GCC has had this warning enabled by default since at least GCC4.1 in 2006 (oldest version on Godbolt), and clang since 3.3.

MSVC only warns with -Wall, which for MSVC is unusably verbose most of the time, e.g. stdio.h results in tons of warnings like 'vfwprintf': unreferenced inline function has been removed. MSVC's warning for this looks like:

  MSVC -Wall
<source>(5): warning C4307: '+': signed integral constant overflow

@HumanJHawkins asked why it was designed this way:

To me, this question is asking, why doesn't the compiler also use the smallest data type that the result of a math operation will fit into? With integer literals, it would be possible to know at compile time that an overflow error was occurring. But the compiler does not bother to know this and handle it. Why is that?

"Doesn't bother to handle it" is a bit strong; compilers do detect the overflow and warn about it. But they follow ISO C rules that say int + int has type int, and that the numeric literals each have type int. Compilers merely choose on purpose to wrap instead of to widening and giving the expression a different type than you'd expect. (Instead of bailing out entirely because of the UB.)

Wrapping is common when signed overflow happens at run-time, although in loops compilers do aggressively optimize int i / array[i] to avoid redoing sign-extension every iteration.

Widening would bring its own (smaller) set of pitfalls like printf("%d %d\n", 2147483647 + 1, 2147483647); having undefined behaviour (and failing in practice on 32-bit machines) because of a type mismatch with the format string. If 2147483647 + 1 implicitly promoted to long long, you'd need a %lld format string. (And it would break in practice because a 64-bit int is typically passed in two arg-passing slots on a 32-bit machine, so the 2nd %d would probably see the 2nd half of the first long long.)

To be fair, that's already a problem for -2147483648. As an expression in C/C++ source it has type long or long long. It's parsed as 2147483648 separately from the unary - operator, and 2147483648 doesn't fit in a 32-bit signed int. Thus it has the next largest type that can represent the value.

However, any program affected by that widening would have had UB (and probably wrapping) without it, and it's more likely that widening will make code happen to work. There's a design philosophy issue here: too many layers of "happens to work" and forgiving behaviour make it hard to understand exactly why something does work, and hard to verity that it will be portable to other implementations with other type widths. Unlike "safe" languages like Java, C is very unsafe and has different implementation-defined things on different platforms, but many developers only have one implementation to test on. (Especially before the internet and online continuous-integration testing.)

ISO C doesn't define the behaviour, so yes a compiler could define new behaviour as an extension without breaking compatibility with any UB-free programs. But unless every compiler supported it, you couldn't use it in portable C programs. I could imagine it as a GNU extension supported by gcc/clang/ICC at least.

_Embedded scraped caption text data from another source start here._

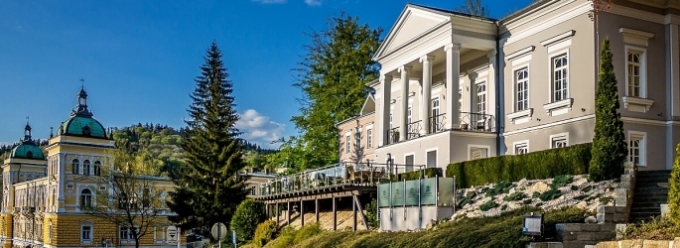 Luxusní hotel v Mariánských Lázních Villa Patriot
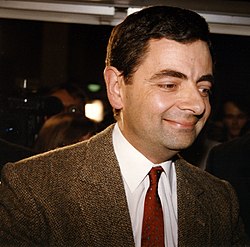 Rowan Atkinson, představitel Mr. Beana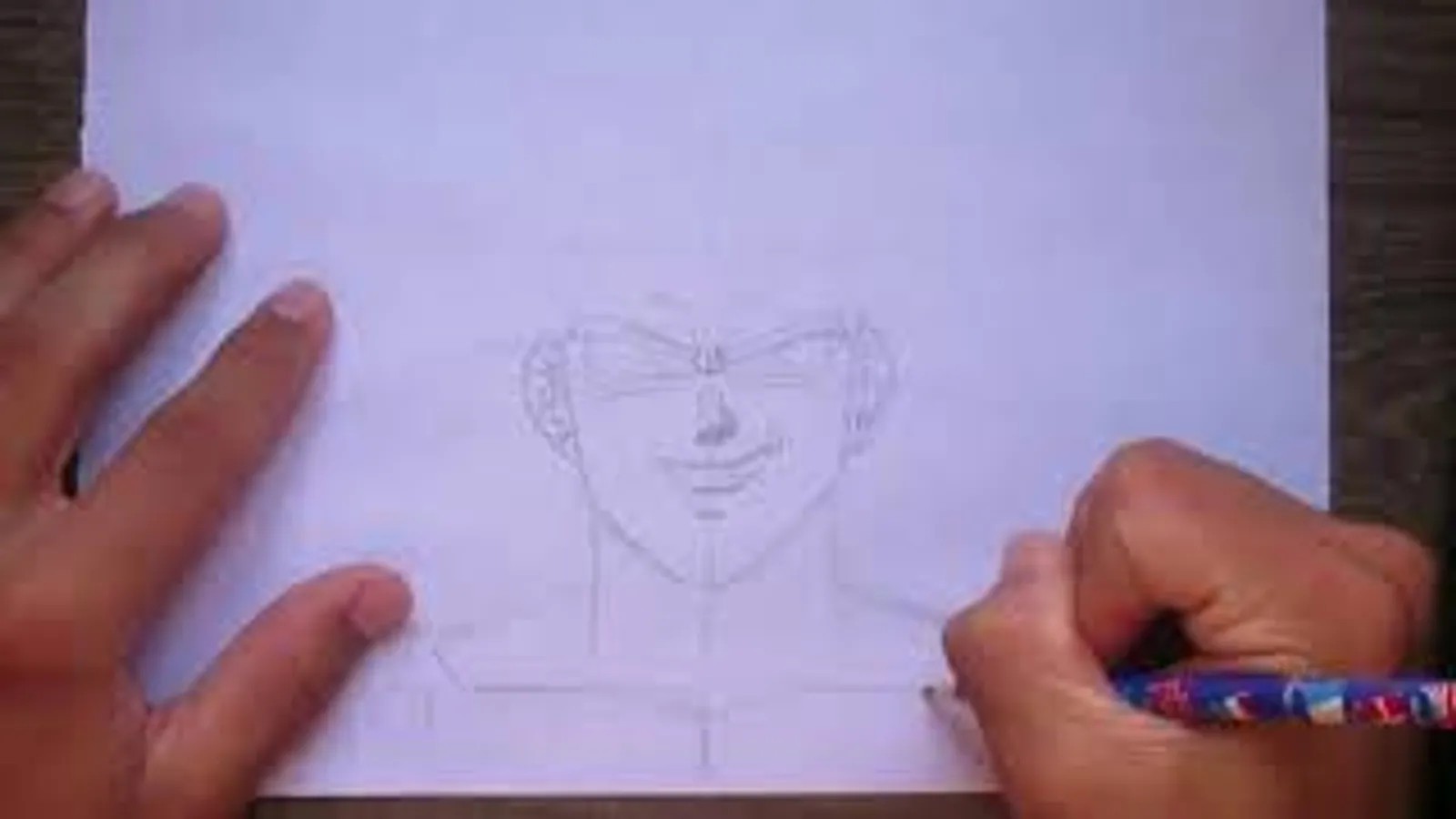 COMO DESENHAR O FREZZA DO DRAGON BALL - How to draw - Tutorial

Also, such an options would somewhat conflict with -fwrapv which does define the behaviour. Overall I think it's unlikely to catch be adopted because there's convenient syntax to specifying the type of a literal (0x7fffffffUL + 1 gives you an unsigned long which is guaranteed to be wide enough for that value as a 32-bit unsigned integer.)

But let's consider this as a choice for C in the first place, instead of the current design.

One possible design would be to infer the type of a whole integer constant expression from its value, calculated with arbitrary precision. Why arbitrary precision instead of long long or unsigned long long? Those might not be large enough for intermediate parts of the expression if the final value is small because of /, >>, -, or & operators.

Or a simpler design like the C preprocessor where constant integer expressions are evaluated at some fixed implementation-defined width like at least 64-bit. (But then assign a type based on the final value, or based on the widest temporary value in an expression?) But that has the obvious downside for early C on 16-bit machines that it makes compile-time expressions slower to evaluation than if the compiler can use the machine's native integer width internally for int expressions.

Integer constant-expressions are already somewhat special in C, required to be evaluated at compile time in some contexts, e.g. for static int array[1024 * 1024 * 1024]; (where the multiplies will overflow on implementations with 16-bit int.)

Obviously we can't efficiently extend the promotion rule to non-constant expressions; if (a*b)/c might have to evaluate a*b as long long instead of int on a 32-bit machine, the division will require extended precision. (For example x86's 64-bit / 32-bit => 32-bit division instruction faults on overflow of the quotient instead of silently truncating the result, so even assigning the result to an int wouldn't let the compiler optimize well for some cases.)

Also, do we really want the behaviour / definedness of a * b to depend on whether a and b are static const or not? Having compile time evaluation rules match the rules for non-constant expressions seems good in general, even though it leaves these nasty pitfalls. But again, this is something good compilers can warn about in constant expressions.

Other more common cases of this C gotcha are things like 1<<40 instead of 1ULL << 40 to define a bit flag, or writing 1T as 1024*1024*1024*1024.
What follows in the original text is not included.